All of lore.kernel.org
 help / color / mirror / Atom feed
From: "Paul E. McKenney" <paulmck@linux.ibm.com>
To: linux-kernel@vger.kernel.org, linux-arch@vger.kernel.org,
	mingo@kernel.org
Cc: stern@rowland.harvard.edu, andrea.parri@amarulasolutions.com,
	will.deacon@arm.com, peterz@infradead.org, boqun.feng@gmail.com,
	npiggin@gmail.com, dhowells@redhat.com, j.alglave@ucl.ac.uk,
	luc.maranget@inria.fr, akiyks@gmail.com,
	"Paul E. McKenney" <paulmck@linux.ibm.com>,
	Benjamin Herrenschmidt <benh@kernel.crashing.org>,
	Michael Ellerman <mpe@ellerman.id.au>,
	Arnd Bergmann <arnd@arndb.de>, Palmer Dabbelt <palmer@sifive.com>,
	Daniel Lustig <dlustig@nvidia.com>,
	Linus Torvalds <torvalds@linux-foundation.org>,
	"Maciej W. Rozycki" <macro@linux-mips.org>,
	Mikulas Patocka <mpatocka@redhat.com>
Subject: [PATCH tip/core/rcu 04/21] docs/memory-barriers.txt: Rewrite "KERNEL I/O BARRIER EFFECTS" section
Date: Tue, 26 Mar 2019 16:41:16 -0700	[thread overview]
Message-ID: <20190326234133.24962-4-paulmck@linux.ibm.com> (raw)
In-Reply-To: <20190326234114.GA23843@linux.ibm.com>

From: Will Deacon <will.deacon@arm.com>

The "KERNEL I/O BARRIER EFFECTS" section of memory-barriers.txt is vague,
x86-centric, out-of-date, incomplete and demonstrably incorrect in places.
This is largely because I/O ordering is a horrible can of worms, but also
because the document has stagnated as our understanding has evolved.

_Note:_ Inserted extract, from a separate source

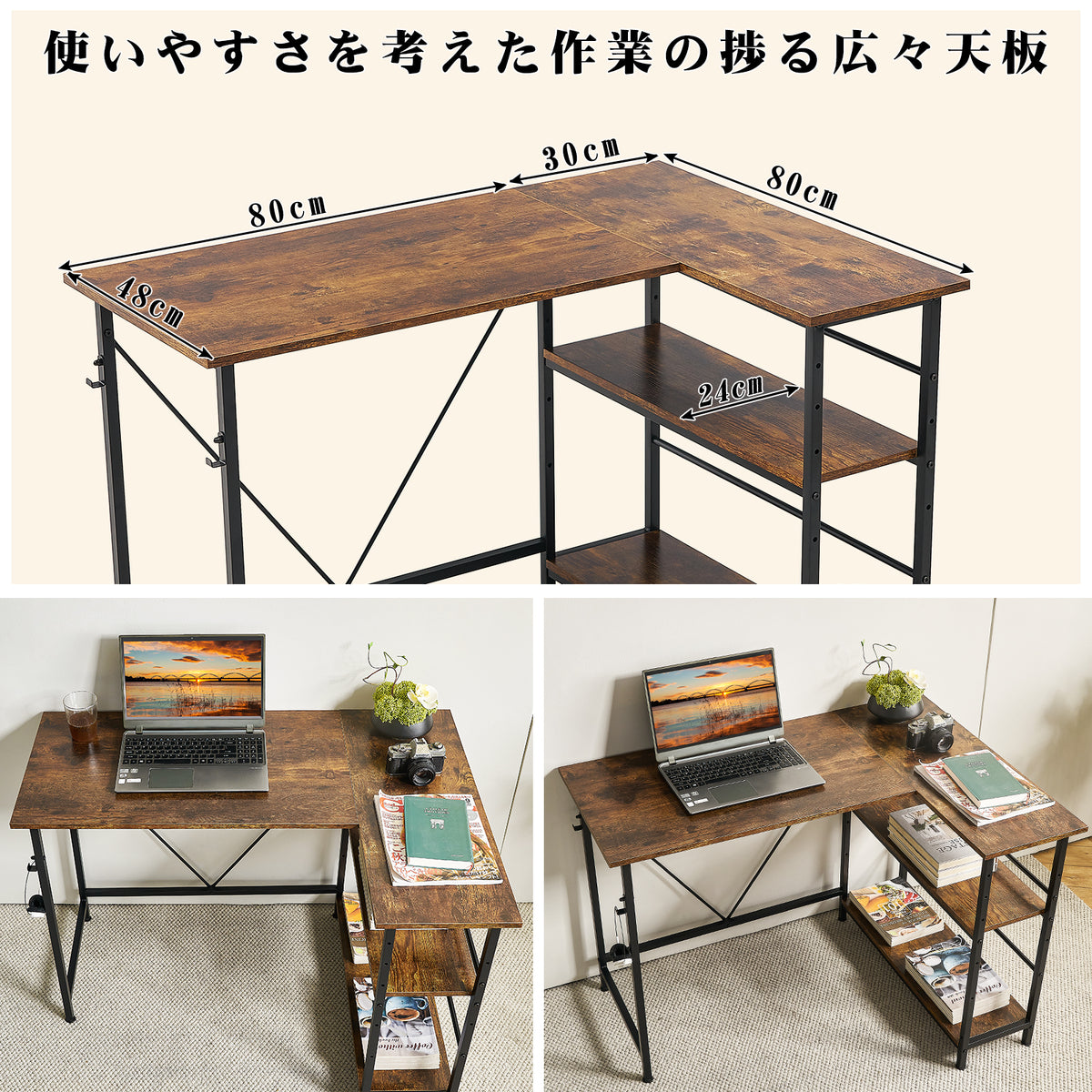 1/43展示20台可能・ランダムウッド・5層式ディスプレーBOX /ネオ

Attempt to address some of that, by rewriting the section based on
recent(-ish) discussions with Arnd, BenH and others. Maybe one day we'll
find a way to formalise this stuff, but for now let's at least try to
make the English easier to understand.

Cc: "Paul E. McKenney" <paulmck@linux.ibm.com>
Cc: Benjamin Herrenschmidt <benh@kernel.crashing.org>
Cc: Michael Ellerman <mpe@ellerman.id.au>
Cc: Arnd Bergmann <arnd@arndb.de>
Cc: Peter Zijlstra <peterz@infradead.org>
Cc: Andrea Parri <andrea.parri@amarulasolutions.com>
Cc: Palmer Dabbelt <palmer@sifive.com>
Cc: Daniel Lustig <dlustig@nvidia.com>
Cc: David Howells <dhowells@redhat.com>
Cc: Alan Stern <stern@rowland.harvard.edu>
Cc: Linus Torvalds <torvalds@linux-foundation.org>
Cc: "Maciej W. Rozycki" <macro@linux-mips.org>
Cc: Mikulas Patocka <mpatocka@redhat.com>
Signed-off-by: Will Deacon <will.deacon@arm.com>
Signed-off-by: Paul E. McKenney <paulmck@linux.ibm.com>
---
 Documentation/memory-barriers.txt | 115 ++++++++++++++++++------------
 1 file changed, 70 insertions(+), 45 deletions(-)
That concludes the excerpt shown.